Dataset entries:
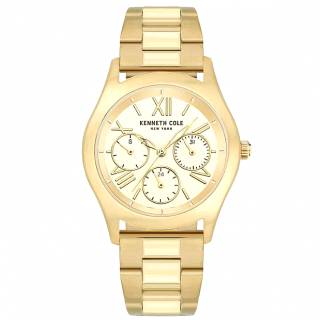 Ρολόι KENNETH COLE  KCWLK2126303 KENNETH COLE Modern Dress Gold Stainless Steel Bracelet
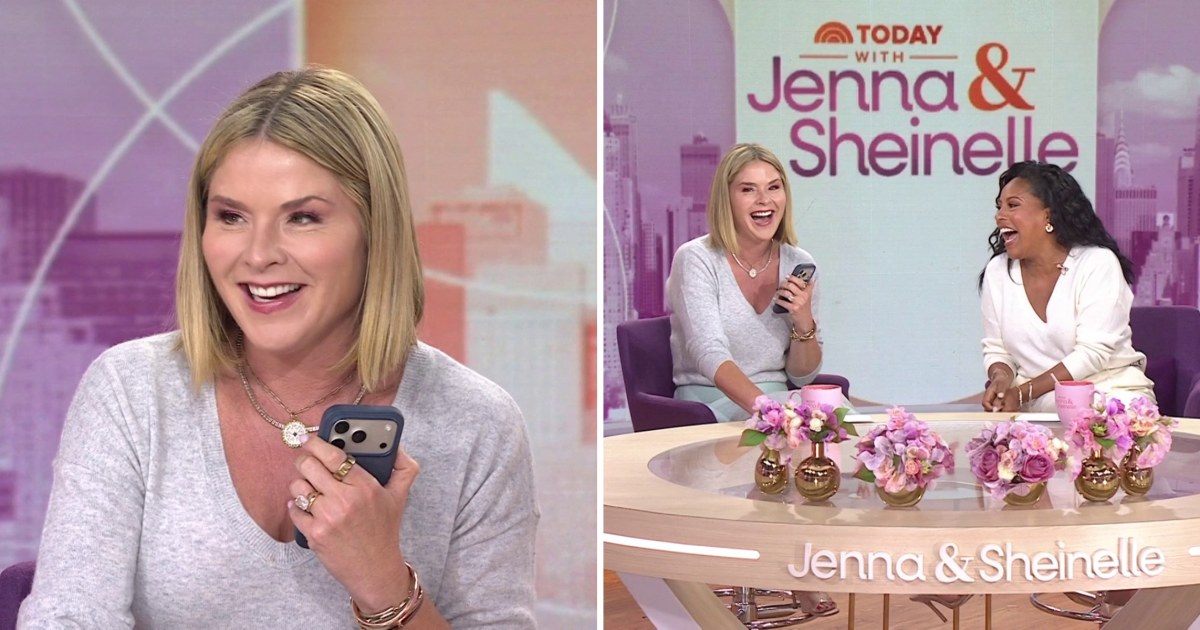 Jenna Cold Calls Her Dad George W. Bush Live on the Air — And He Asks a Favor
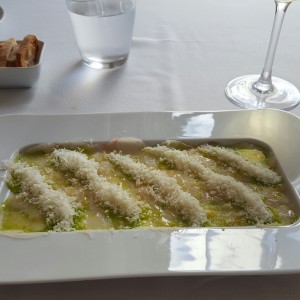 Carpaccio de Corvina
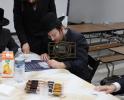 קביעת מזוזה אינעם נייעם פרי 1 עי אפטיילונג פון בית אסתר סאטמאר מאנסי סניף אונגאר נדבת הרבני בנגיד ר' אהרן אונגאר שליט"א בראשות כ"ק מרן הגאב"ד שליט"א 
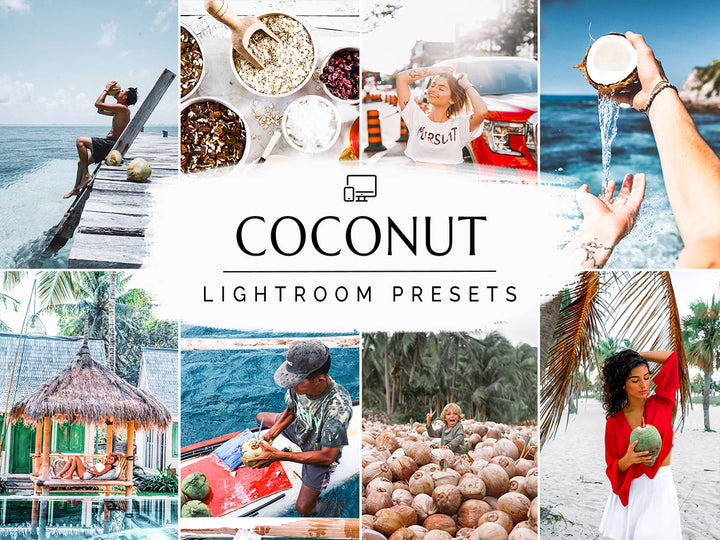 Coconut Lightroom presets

==

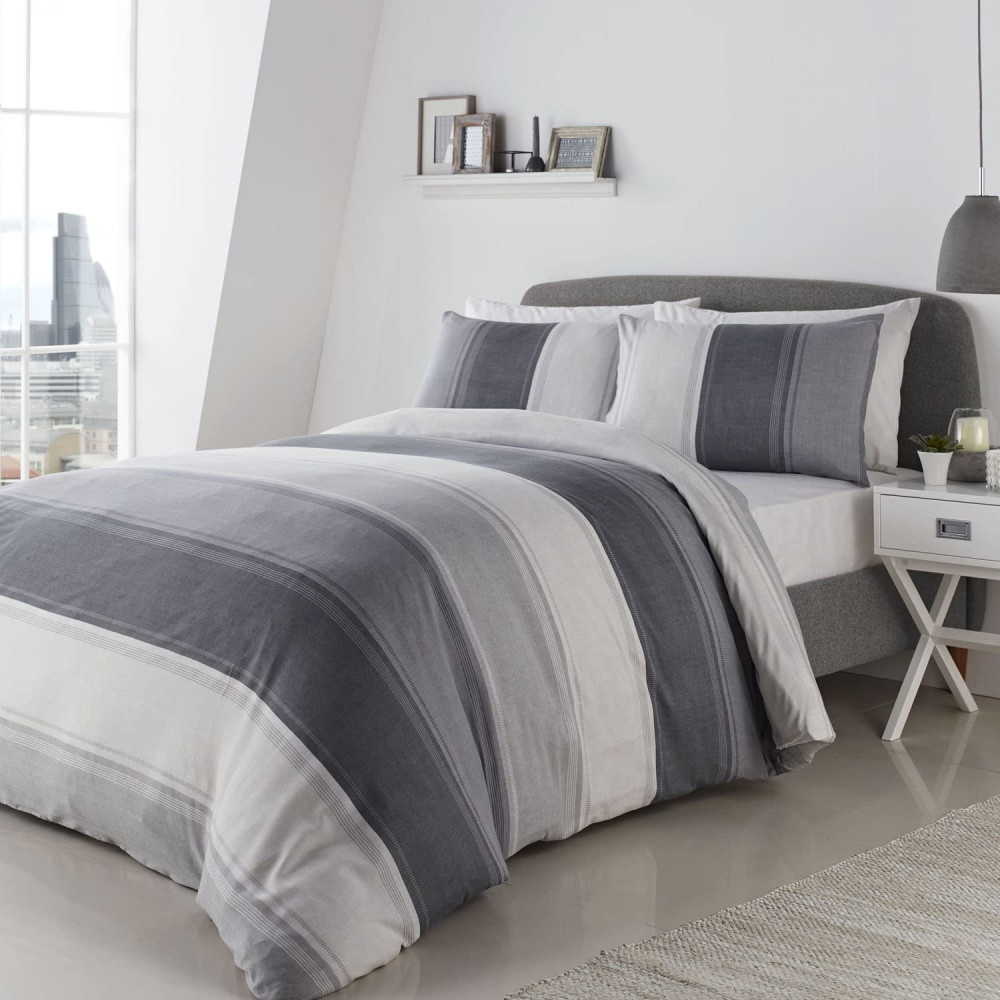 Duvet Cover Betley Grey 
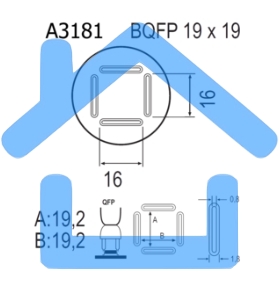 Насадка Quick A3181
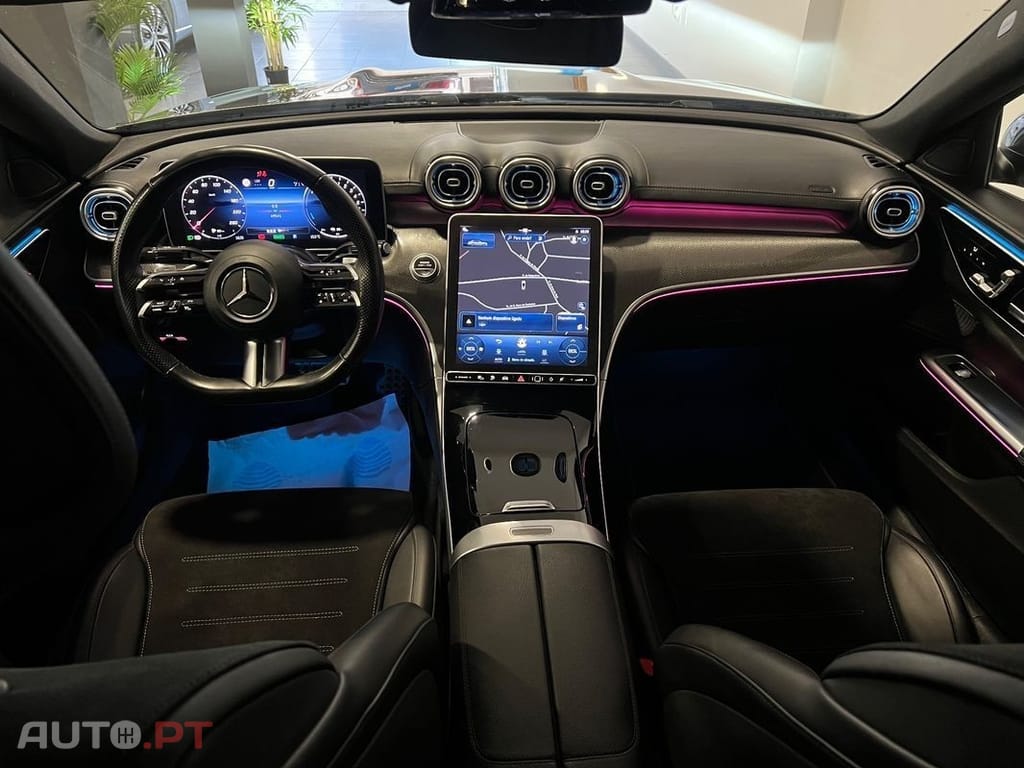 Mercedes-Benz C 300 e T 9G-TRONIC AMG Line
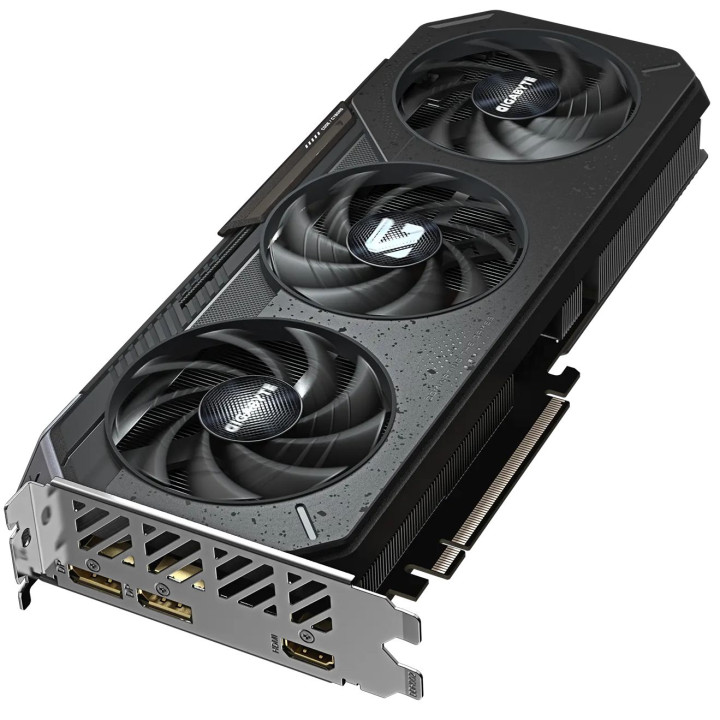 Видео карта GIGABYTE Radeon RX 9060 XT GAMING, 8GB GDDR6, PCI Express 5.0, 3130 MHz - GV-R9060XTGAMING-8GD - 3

Exercise:
Within the material above, only the stretch from the line holding "Carpaccio de Corvina" through the line holding "Coconut Lightroom presets" is to be restated exactly. Pictures are dropped.

Task result:
 Carpaccio de Corvina
 קביעת מזוזה אינעם נייעם פרי 1 עי אפטיילונג פון בית אסתר סאטמאר מאנסי סניף אונגאר נדבת הרבני בנגיד ר' אהרן אונגאר שליט"א בראשות כ"ק מרן הגאב"ד שליט"א 
 Coconut Lightroom presets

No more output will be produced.